Start of DATA FOR REVIEW
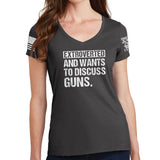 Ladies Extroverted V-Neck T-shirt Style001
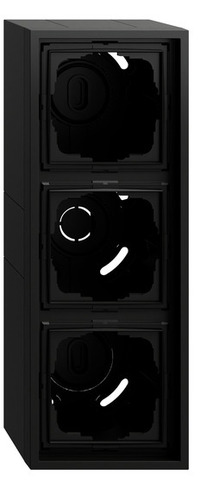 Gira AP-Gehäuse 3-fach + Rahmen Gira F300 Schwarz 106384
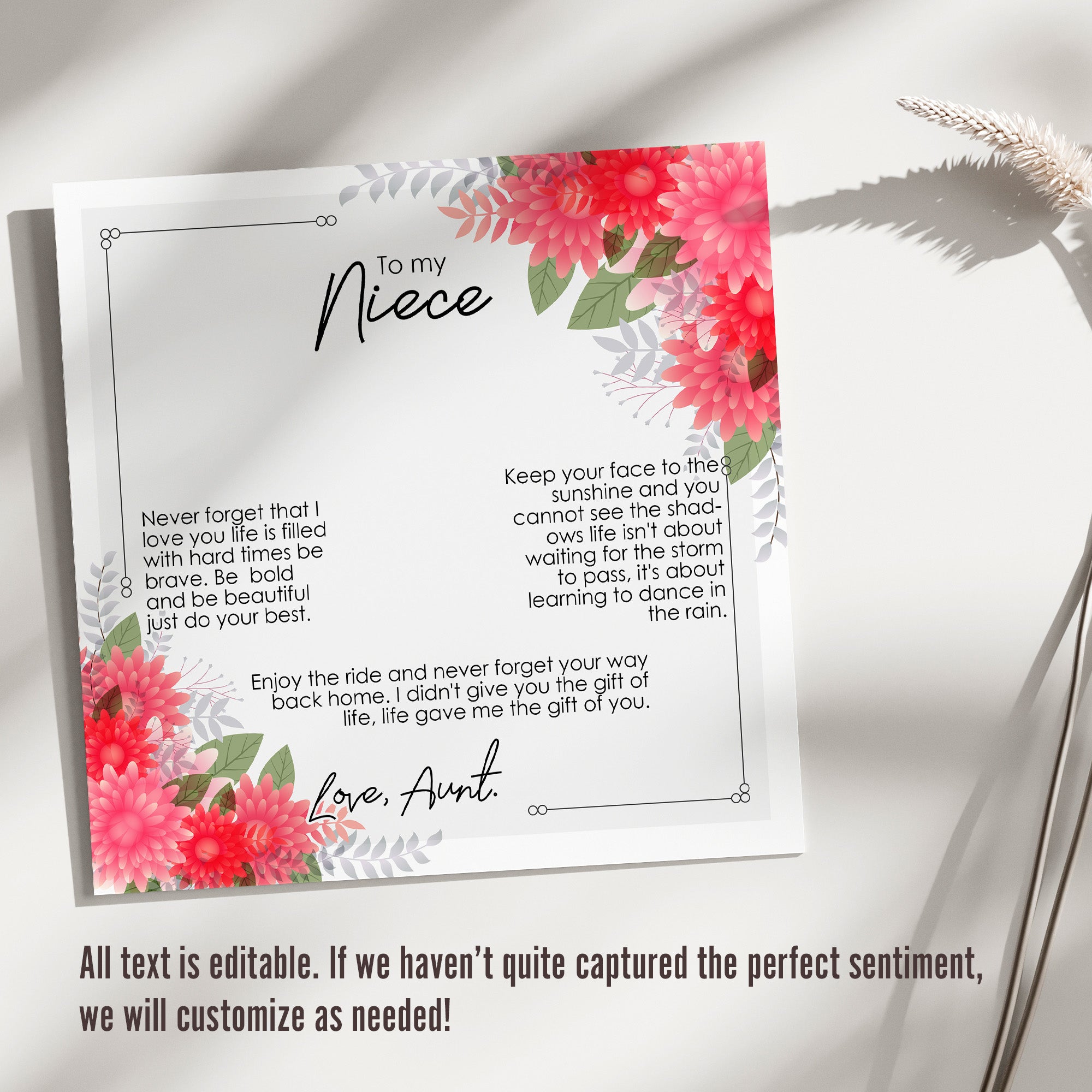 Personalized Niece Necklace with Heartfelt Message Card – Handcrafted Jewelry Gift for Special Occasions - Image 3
End of DATA FOR REVIEW
Start of DATA FOR REVIEW
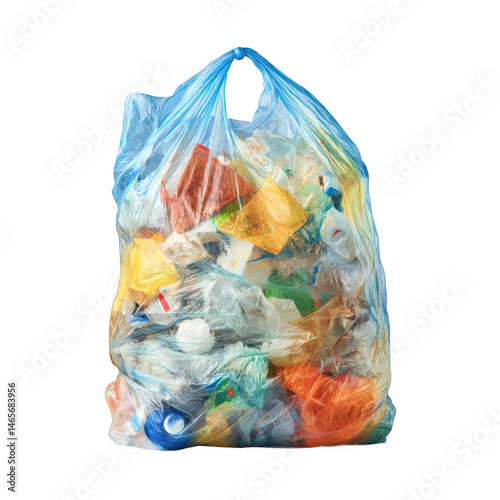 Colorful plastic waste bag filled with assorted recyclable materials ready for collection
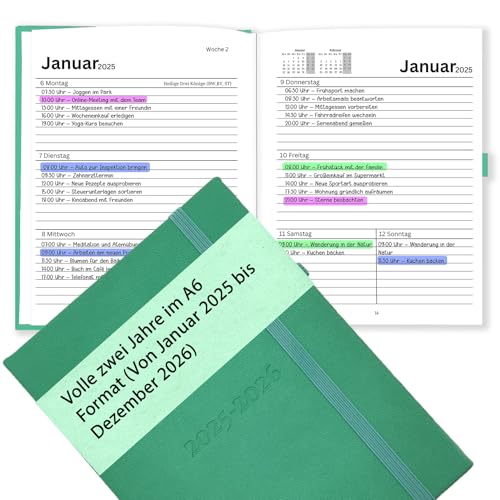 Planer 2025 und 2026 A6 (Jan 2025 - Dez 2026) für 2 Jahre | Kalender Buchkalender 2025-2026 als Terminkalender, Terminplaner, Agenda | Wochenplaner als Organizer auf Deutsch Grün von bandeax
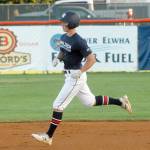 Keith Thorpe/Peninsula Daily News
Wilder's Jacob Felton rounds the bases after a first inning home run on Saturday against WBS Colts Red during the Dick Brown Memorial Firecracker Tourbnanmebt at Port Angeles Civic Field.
End of DATA FOR REVIEW
Start of DATA FOR REVIEW
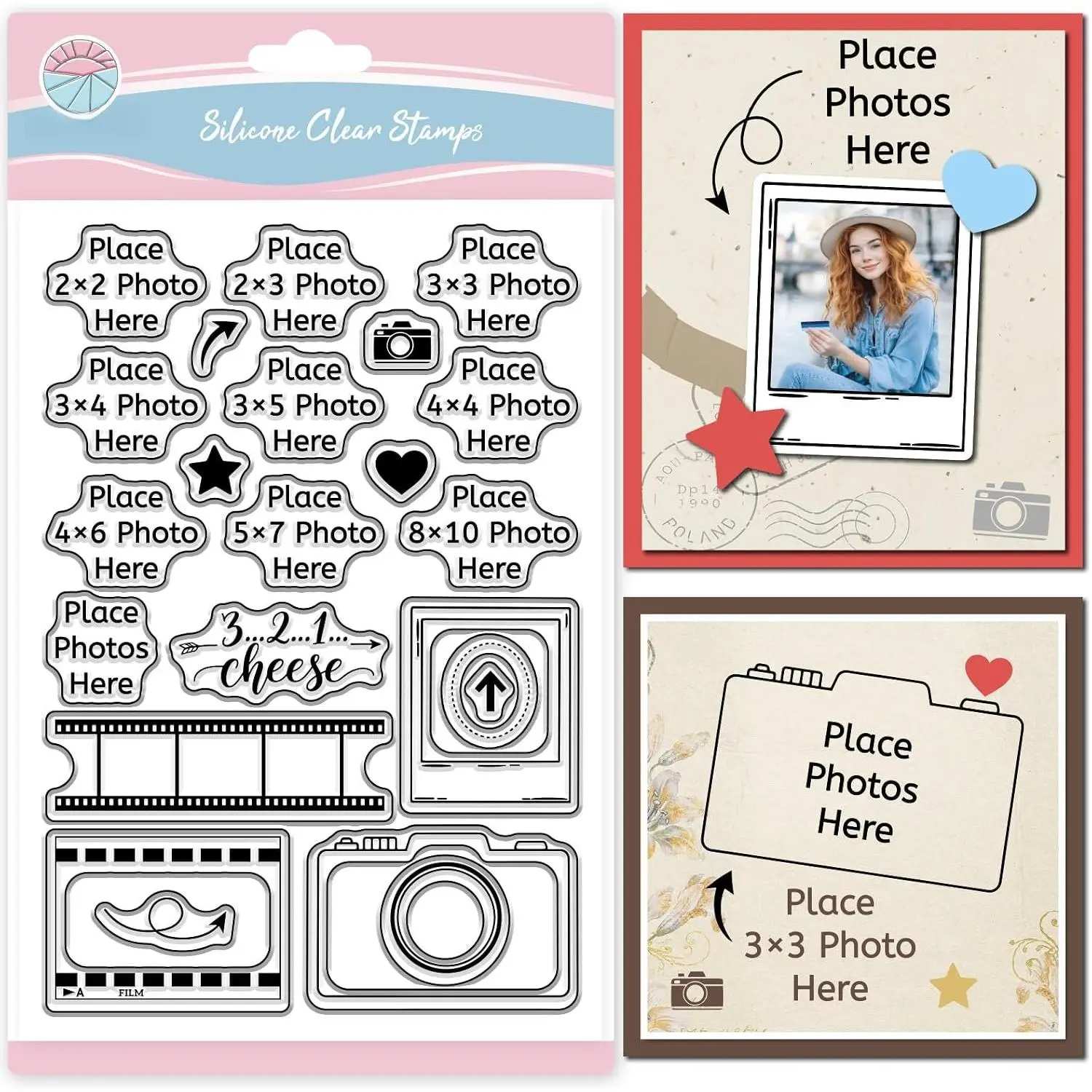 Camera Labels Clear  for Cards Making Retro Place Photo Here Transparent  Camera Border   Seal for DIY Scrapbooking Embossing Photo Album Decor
End of DATA FOR REVIEW
### GOAL OF THE EXERCISE:
What you write must match the listing exactly, from the line with "Colorful plastic waste" up to and including the line with "Wilder's Jacob Felton". Pictures stay out.

### TASK OUTPUT:
 Colorful plastic waste bag filled with assorted recyclable materials ready for collection
 Planer 2025 und 2026 A6 (Jan 2025 - Dez 2026) für 2 Jahre | Kalender Buchkalender 2025-2026 als Terminkalender, Terminplaner, Agenda | Wochenplaner als Organizer auf Deutsch Grün von bandeax
 Keith Thorpe/Peninsula Daily News
Wilder's Jacob Felton rounds the bases after a first inning home run on Saturday against WBS Colts Red during the Dick Brown Memorial Firecracker Tourbnanmebt at Port Angeles Civic Field.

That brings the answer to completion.